Como muitos blogs hoje citam, e eu repito aqui, “segundo Richard Dawkins (O Gene Egoísta), um meme é uma unidade de informação que se multiplica de cérebro em cérebro, ou entre locais onde a informação é armazenada“.

O Boombust propõe alguns paradigmas para discutirmos: monetização da web, o papel das redes de relacionamento social, empreendedorismo viral, intraempreendedorismo, gestão do capital pelo empreendedor. Decidi incluir um novo, a presença feminina nos blogs. Visitando o site da revista Você S/A vi que os blogs deles são de três, claro, mulheres. E a entrevistada do mês para ensinar a dar um upgrade na carreira usando blog é uma mulher, Penélope Trunk, que escreve conselhos para um encontro entre a vida pessoal e carreira em Brazen Careerist. Minha pergunta a mim mesma enquanto escrevo é: cito Você S/A para evitar preconceitos ou para fugir dos meus próprios? Espero fazê-lo apenas porque lá os temas monetização da web e empreendedorismo social são sempre abordados, inclusive na edição deste mês, como comentei.

Como jornalista e mãe do Desabafo, há 10 meses trabalhando na consolidação deste projeto que começou sendo da Ceila Santos e da Sueli Sueishi mas hoje já conta com dezenas de mães (e alguns pais), eu não tenho dúvida de que há vida inteligente na blogosfera.
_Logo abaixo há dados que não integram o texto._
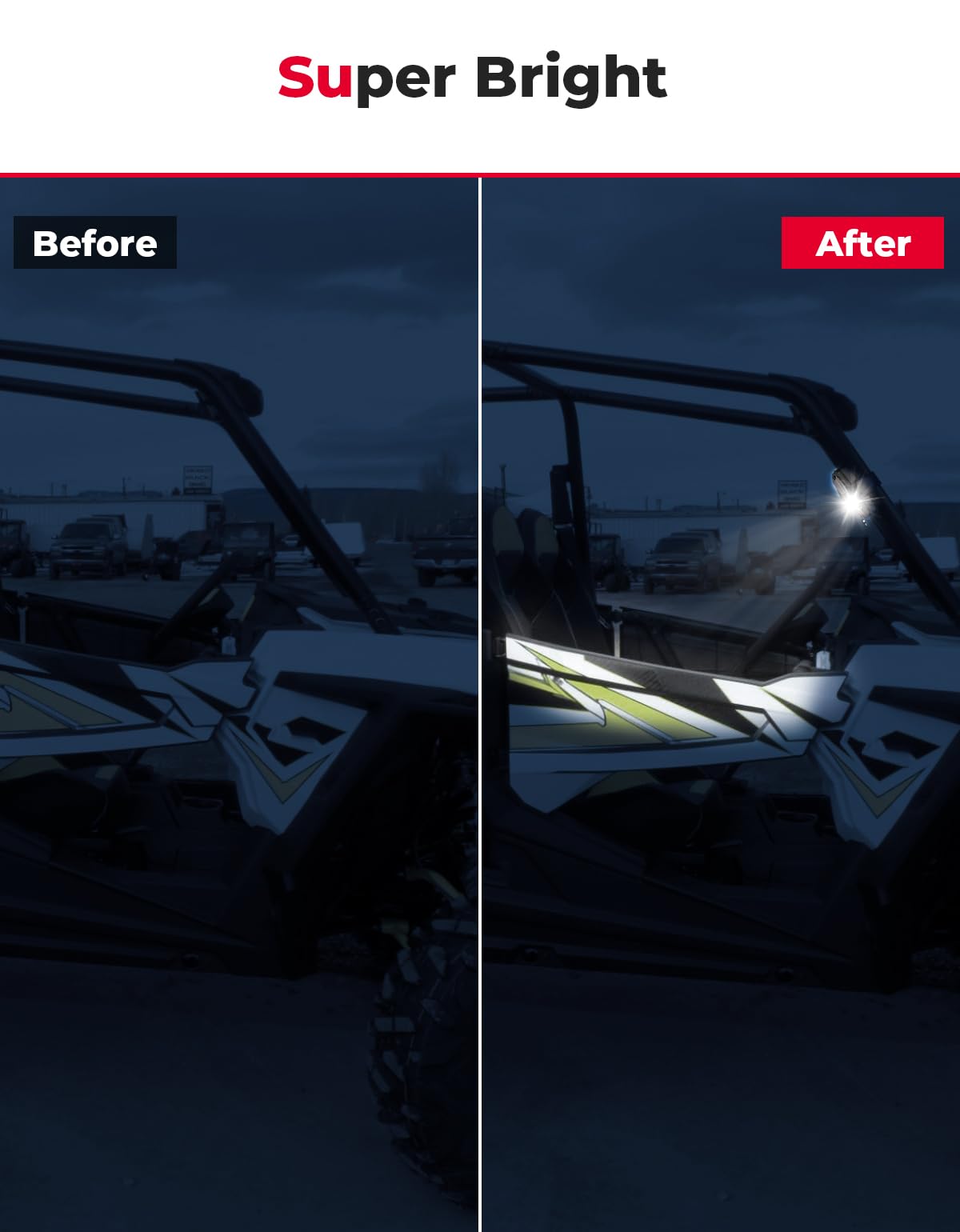 Photo of Universal Waterproof LED Light for Cab Roll Cage by Kemimoto - Premium for UTVs / Side by Sides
Um único evento neste ano deve ser suficiente para comprovar a força das redes de relacionamento social e da presença feminina nos blogs, fazendo os vidrados em empreendorismo vislumbrarem a capacidade empreendedora deste grupo. Este evento é a história do menino capixaba Vini, que foi contada no blog de sua mãe (Marinheira e seus meninos), alimentada pela Michele (também colega de Desabafo) e com memes por todo o Brasil. Já pensaram na capacidade desta mulherada se reunida comme il fault? Pois é esta a idéia do Desabafo de Mãe!

P.S. Sabiam que apenas 2% da blogosfera fala português? Ainda temos muito chão pela frente, mas numa sociedade que ainda usa a internet de forma passiva (apenas recebendo, raramente criando ou criticando o conteúdo) já acho um grande avanço. Isso sem comentar que somos poucos com acesso à internet e com cultura para blogar.